TEMPO.CO, Denpasar - Sebanyak 250 pecalang (tugas keamanan desa adat) diturunkan untuk mengamankan Kongres IV PDIP di Denpasar, Bali, 9-12 April 2015.
Koordinator lapangan pecalang, Ketut Bima Adnyana, mengatakan, jumlah pecalang kali ini cuma separuh dari Kongres PDIP ketiga pada 2010 yang mencapai 500 orang. "Konflik kali ini lebih kecil, karena kompak mendukung Ibu Mega," kata Bima kepada Tempo, 9 April 2015.
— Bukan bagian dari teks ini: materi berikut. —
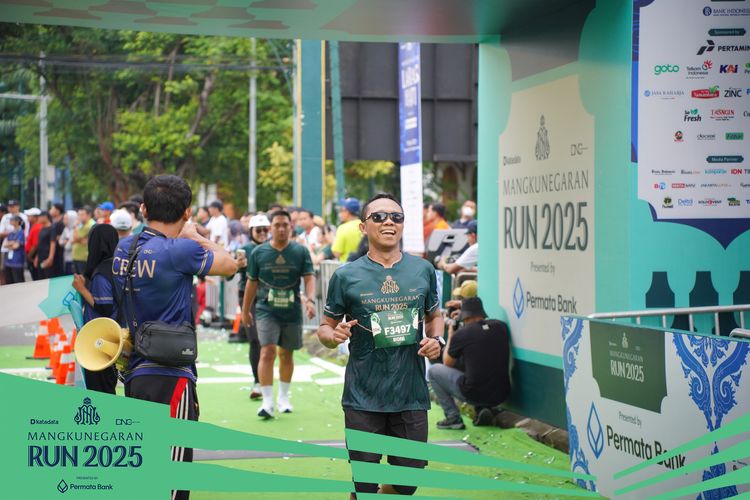 Race photo from Mangkunegaran Run 2025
Para pecalang menggunakan pakaian adat lengkap, mulai dari kain poleng (saput), pengikat pinggang (anteng), dan pengikat kepala (udheng). Setiap pecalang memegang handy talky sebagai alat komunikasi yang langsung terhubung dengan kepolisian.
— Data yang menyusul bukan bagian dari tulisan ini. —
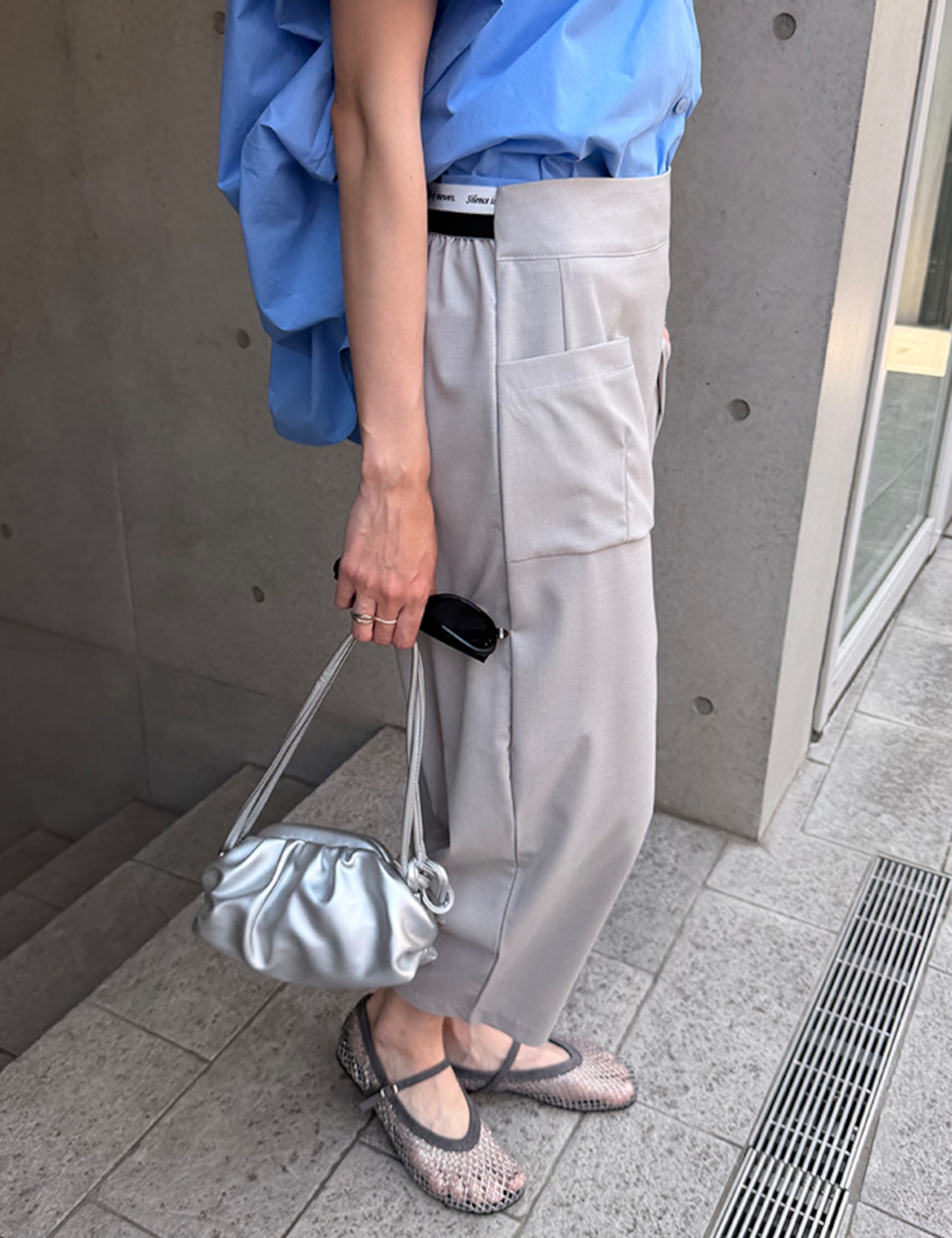 【26ss】Back-Banding Baggy Slacks_2colors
Menurut Bima, pengamanan pecalang terbagi dalam tiga ring. Ring pertama, sebanyak 50 orang berjaga di halaman depan hotel. Ring kedua di lobi hotel sebanyak 25 orang, dan 15 pecalang lainnya di arena kongres. Selain itu, 30-an pecalang disebar sebagai intelijen dan pengawal.
Para pecalang, kata dia, menyiapkan kongres sejak sebulan lalu. Namun menurut Bima, kongres PDIP kali ini lebih spesial. Kongres didahului dengan bakti sosial dengan membagikan sembako kepada warga miskin.
Selain itu, Inna Grand Beach Hotel sebagai lokasi kongres dipenuhi dengan penjor. "Penjor ini sebagai simbol agar PDIP tetap kukuh dan lurus," kata Bima.
Menurut Bima, para pecalang ikut mendukung Megawati Soekarnoputri untuk tetap memimpin partai banteng bermoncong putih. Alasannya, hanya Megawati yang bisa mempersatukan PDI Perjuangan. "Trah Sukarno itu sebagai simbol pemersatu," katanya.